Süreyya eşi, annesi, babası, kız kardeşi ve onun kocası ile bağ evinde yaşamaktadır. Ancak Süreyya buradan nefret etmekte ve İstanbul'da deniz kenarında bir konağa taşınmak istemektedir. Karısı Suat ilk başlarda kocasının bu istediğini onaylamasada sonradan kabul eder. Süreyya ailesinden habersiz yakın dostu Necip ile birlikte bir ev bulur. Süreyya ve Suat yeni evlerinde çok mutludurlar. Aile dostları Necip'te sürekli bu genç çiftin evine gelir ve günlerini hep birlikte geçirmeye başlarlar.
Birlikte balığa çıkan, dağ bayır gezen, evde yemek ve piyano eşliğinde mutlu zamanlar geçiren bu üçlü arasında birşeyler değişir. Evlilik karşıtı olan ve hayatı sadece gezip eğlenmekten ibaret olan Necip, Süreyya ve Suat'ın evliliklerine imrenmeye başlar. İç dünyasında bir hesaplaşmaya girer ve kendini aşk, ihanet, mutluluk, ölme isteği gibi birçok duygunun içerisinde bulur.

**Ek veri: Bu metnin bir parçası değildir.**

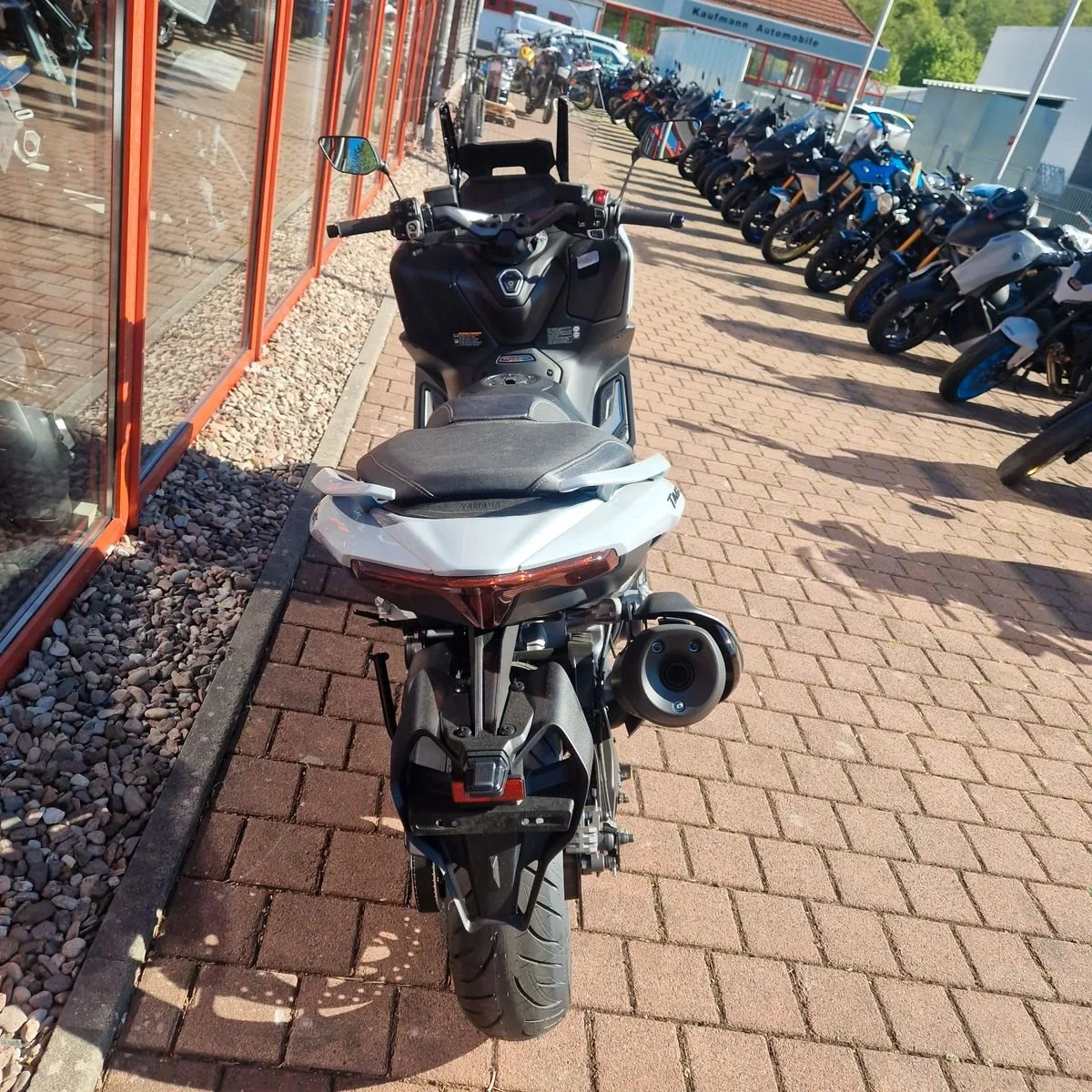 Yamaha TMAX Tech MAX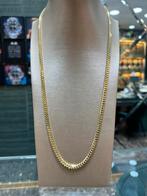 18Kt Goud - 71.5 Gr - CUBAN - Ketting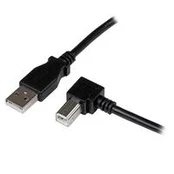 StarTech 1M RIGHT ANGLE USB B CABLE/.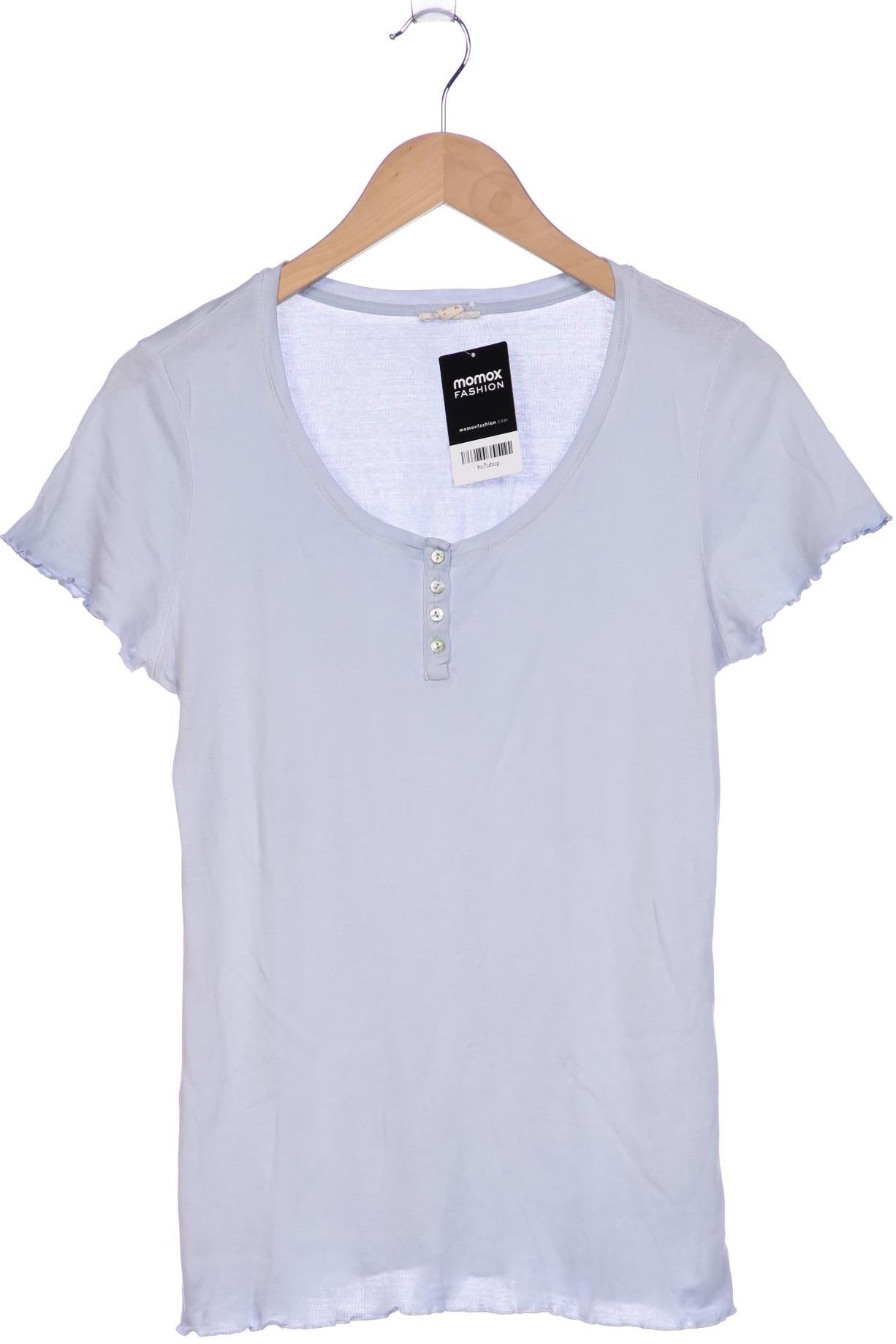 

Esprit Damen T-Shirt, hellblau, Gr. 42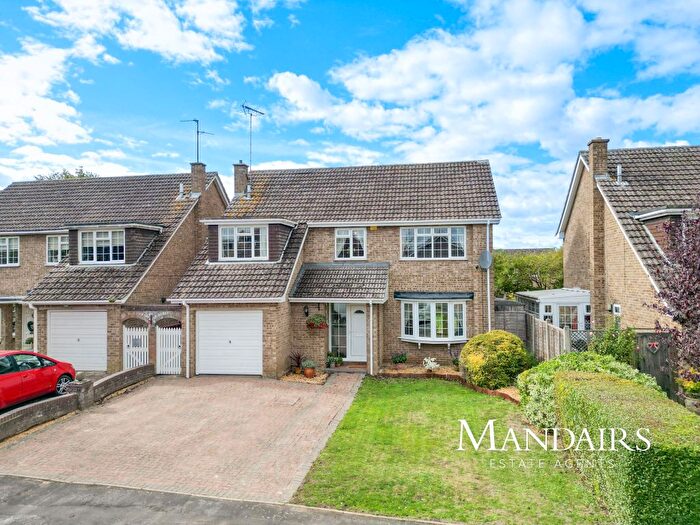 4 Bedroom Detached House For Sale In The Maltings, Thorney, Peterborough, PE6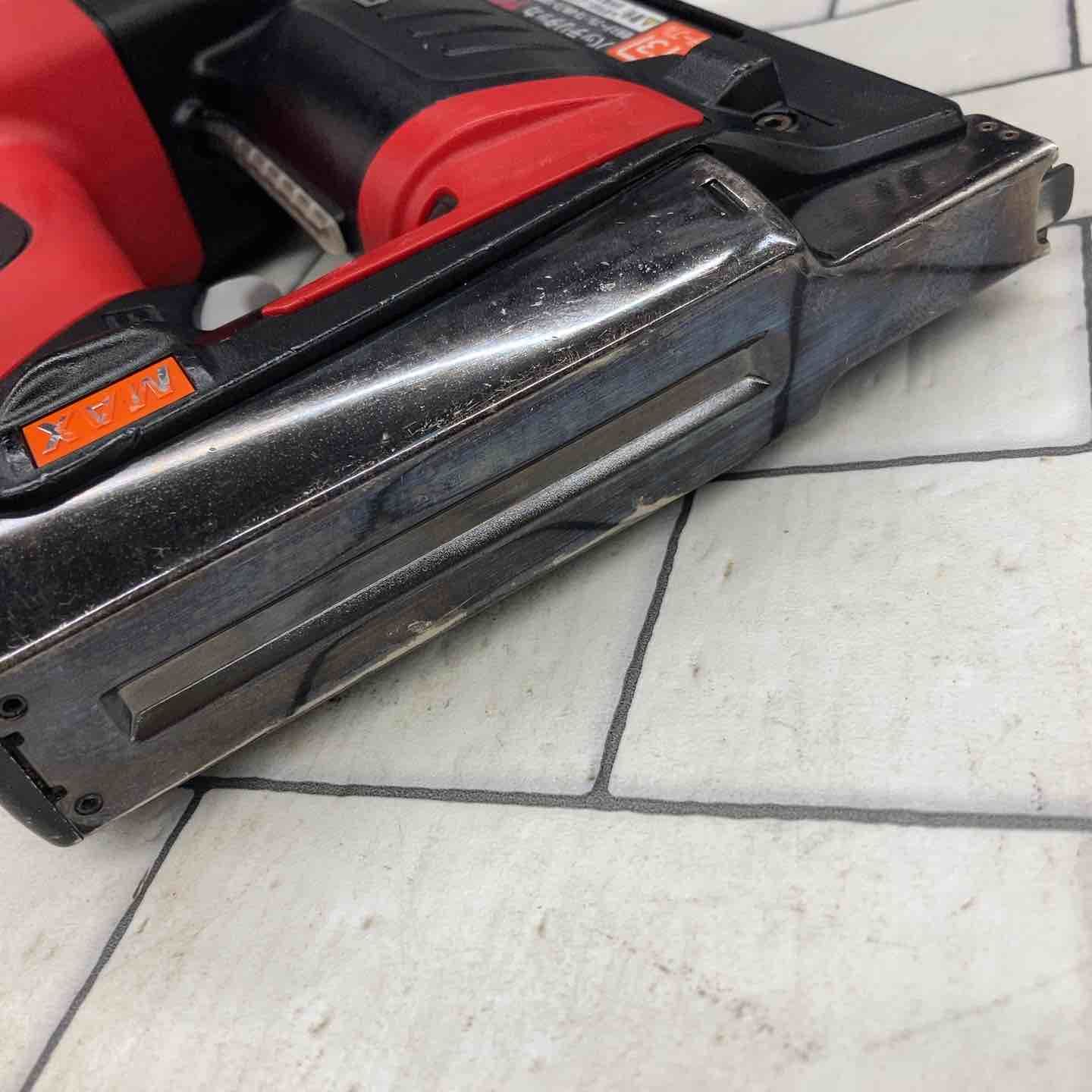 マックス MAX コードレスタッカ TG-Z4 所沢店 BRIGHTFACE_UK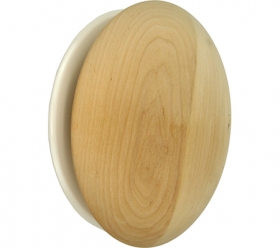 Ventilácia sauny - ventilačný disk, 100mm, jelša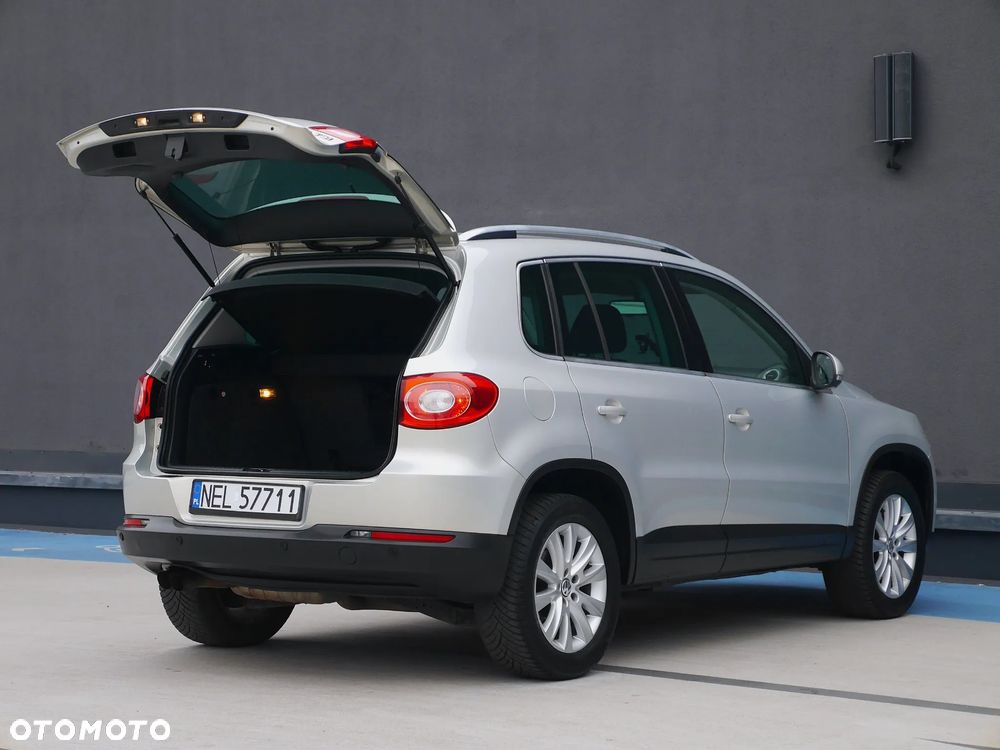 Volkswagen Tiguan 2.0 TSI 4Mot Sport DSG - 29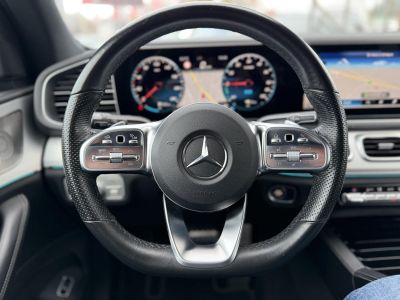 MERCEDES-BENZ GLE 350 de 4Matic 9G-TRONIC Plug-in hybrid AMG csomag. LED Burmester Távtartó Táblafelismerő Holttér Sávtartó Carplay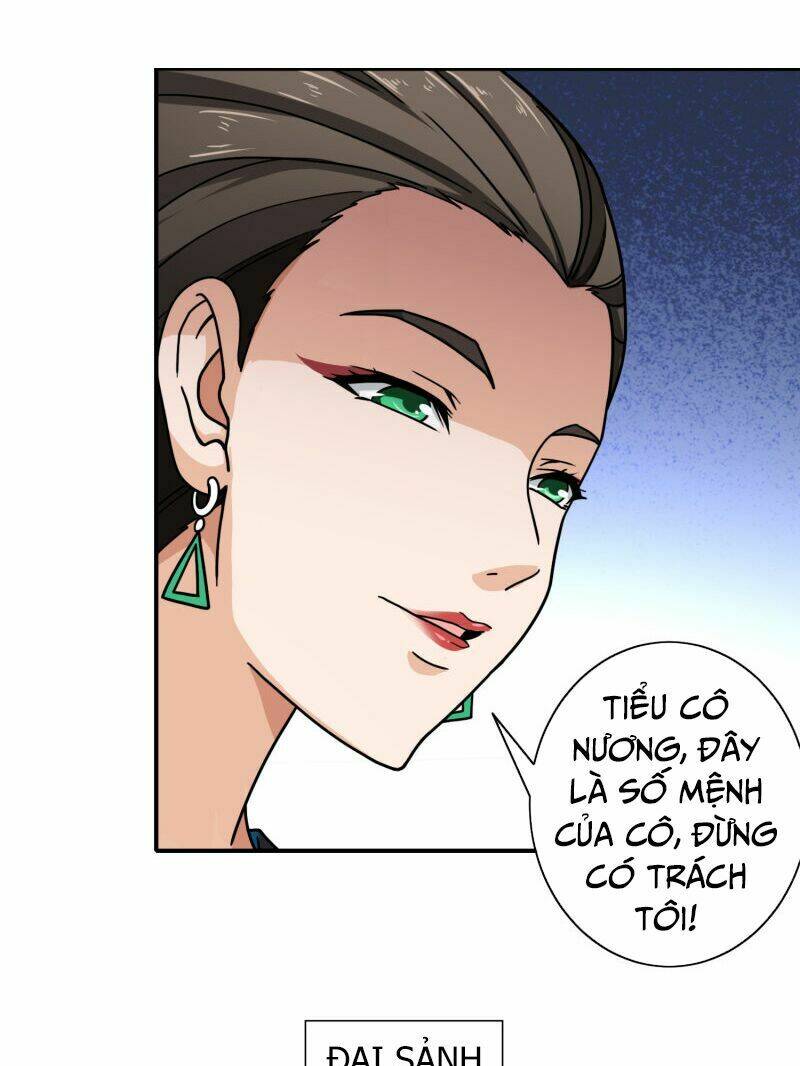 Hộ Hoa Cao Thủ Tại Đô Thị: Chapter 84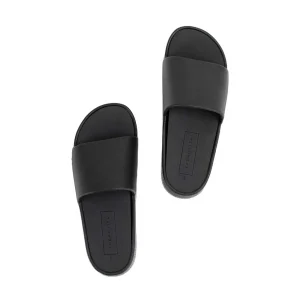 Women Yellow Box Slides>Torrey Flatform Al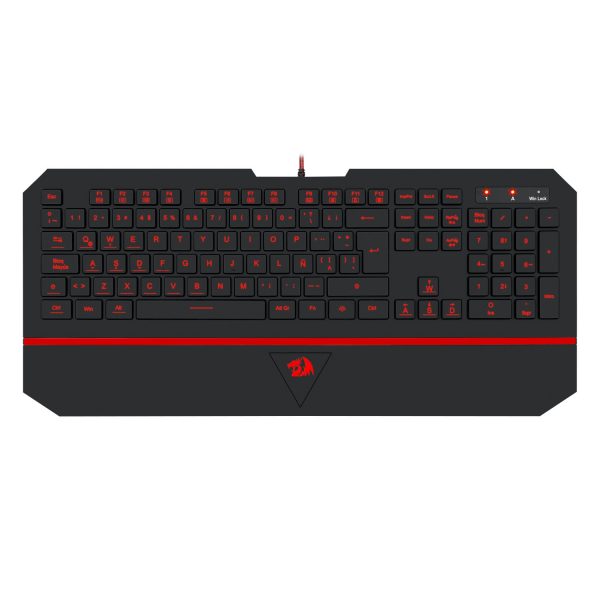 TECLADO REDRAGON KARURA K502-SP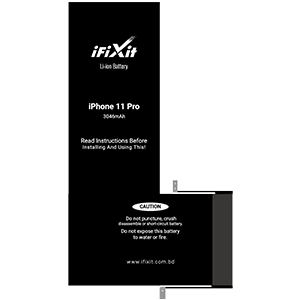 iPhone 11 Pro iFixit Battery
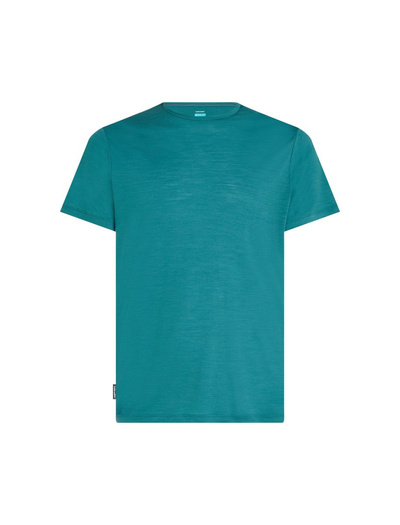 Koszulka męska z krótkim rękawem merino Icebreaker 125 Cool-Lite Sphere SS Tee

Eylül, herkesin bildiği üzere Türk Edebiyatının ilk psikolojik romanı. Gerçekten ağır bir roman. İki karakterin hiç konuşmadan kendi iç dünyalarında nasıl duygudan duyguya savrulduklarını okuyorsunuz. Sakin kafa ile sindire sindire okunması gerekiyor bence.